[Short web captions]
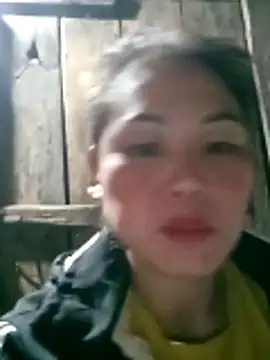 lynae-0 online show from November 27, 2025, 1:22 pm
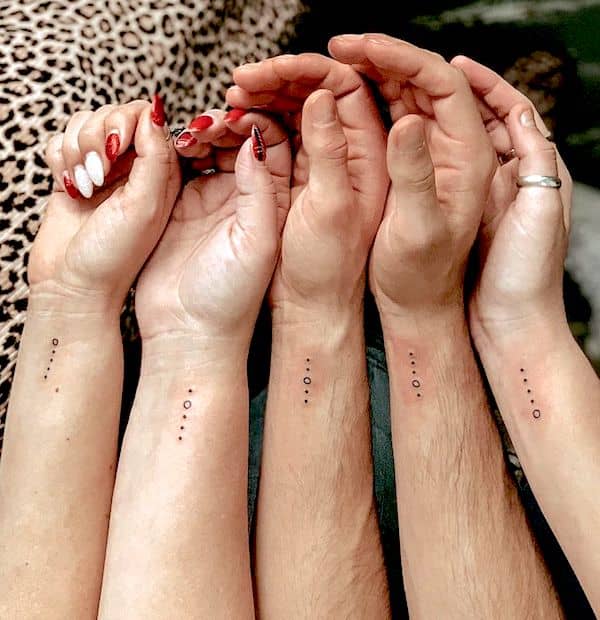 Tatuaggi per 5 fratelli di @emily.oram- Stupendi tatuaggi unisex abbinati per fratelli e sorelle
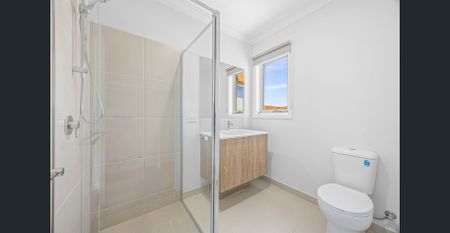 Modern and Homely 4-Bedroom Rental House in Armstrong Creek - Photo 4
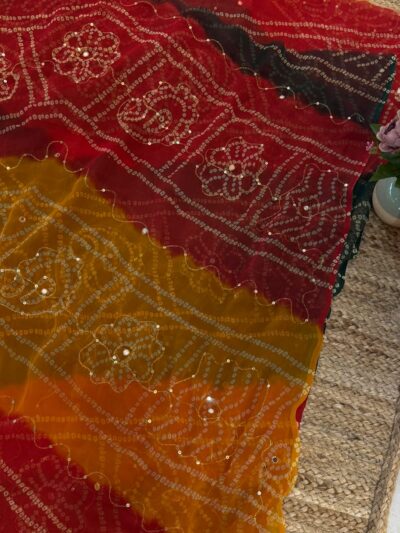 Lehriya chunri with mirror and aari sitara work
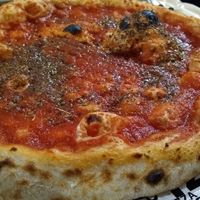 Marinara pizza at Frankie's in Sorrento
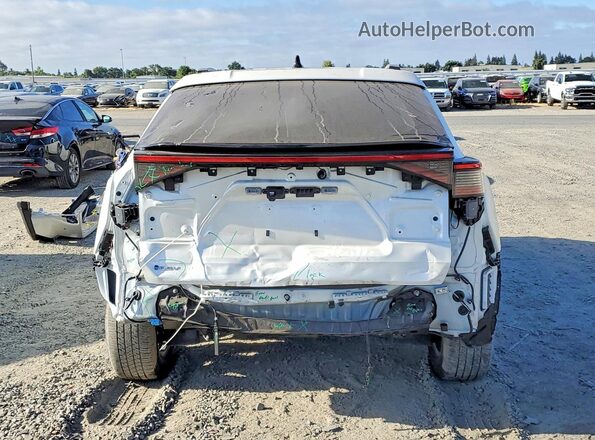JTMBCAEB0TJ014740 2026 TOYOTA BZ White Հետևի տեսք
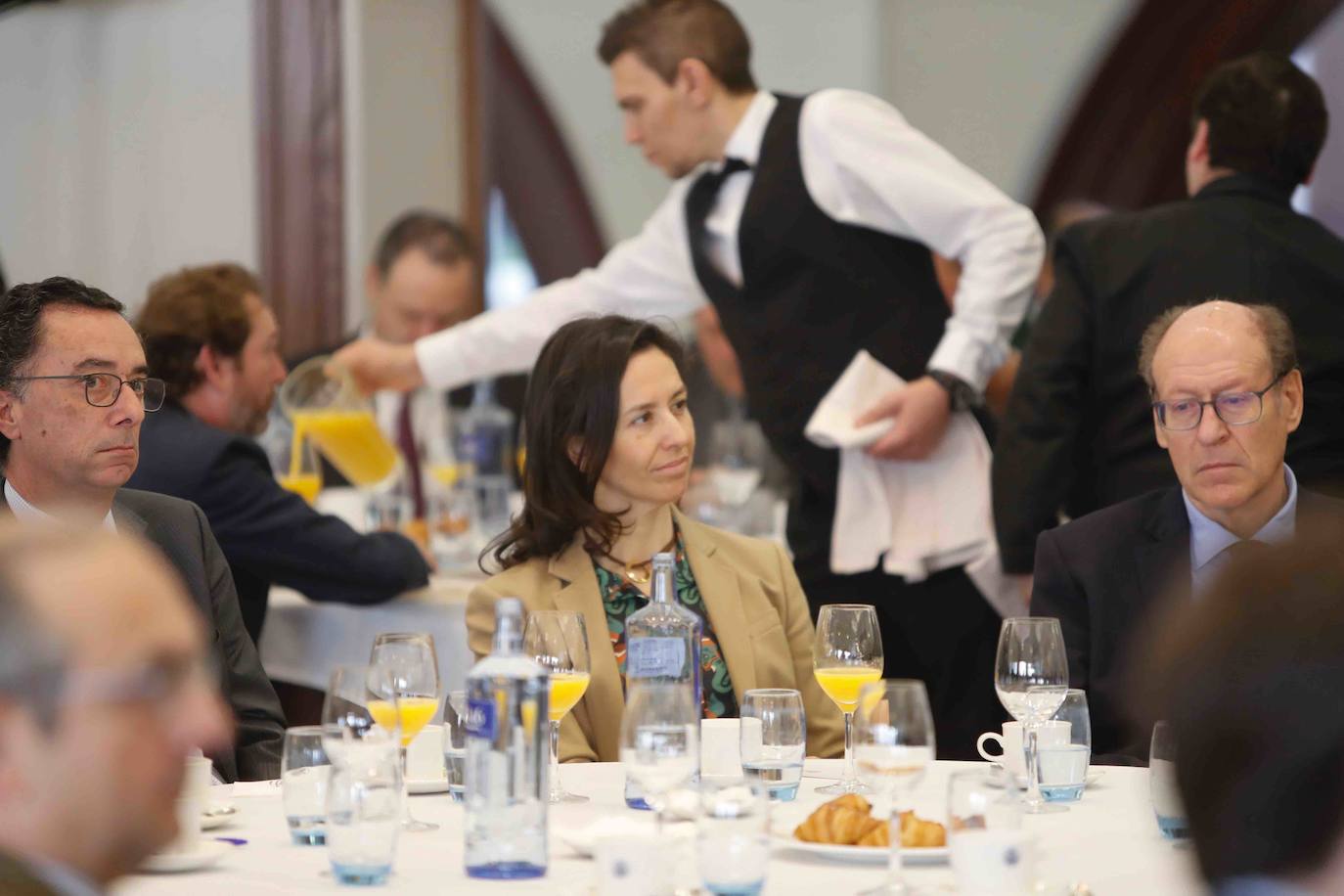 El presidente de la Confederación Española de Organizaciones Empresariales (CEOE) participa en la jornada 'Retos y oportunidades de las empresas ante el nuevo ciclo', organizada por EL COMERCIO y Liberbank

> **WHAT IS BEING ASKED**
In the records above, find the line with "Tatuaggi per 5". Print exactly from there through the line with "JTMBCAEB0TJ014740 2026 TOYOTA", minus the pictures.

> **EXPECTED ANSWER**
 Tatuaggi per 5 fratelli di @emily.oram- Stupendi tatuaggi unisex abbinati per fratelli e sorelle
 Modern and Homely 4-Bedroom Rental House in Armstrong Creek - Photo 4
 Lehriya chunri with mirror and aari sitara work
 Marinara pizza at Frankie's in Sorrento
JTMBCAEB0TJ014740 2026 TOYOTA BZ White Հետևի տեսք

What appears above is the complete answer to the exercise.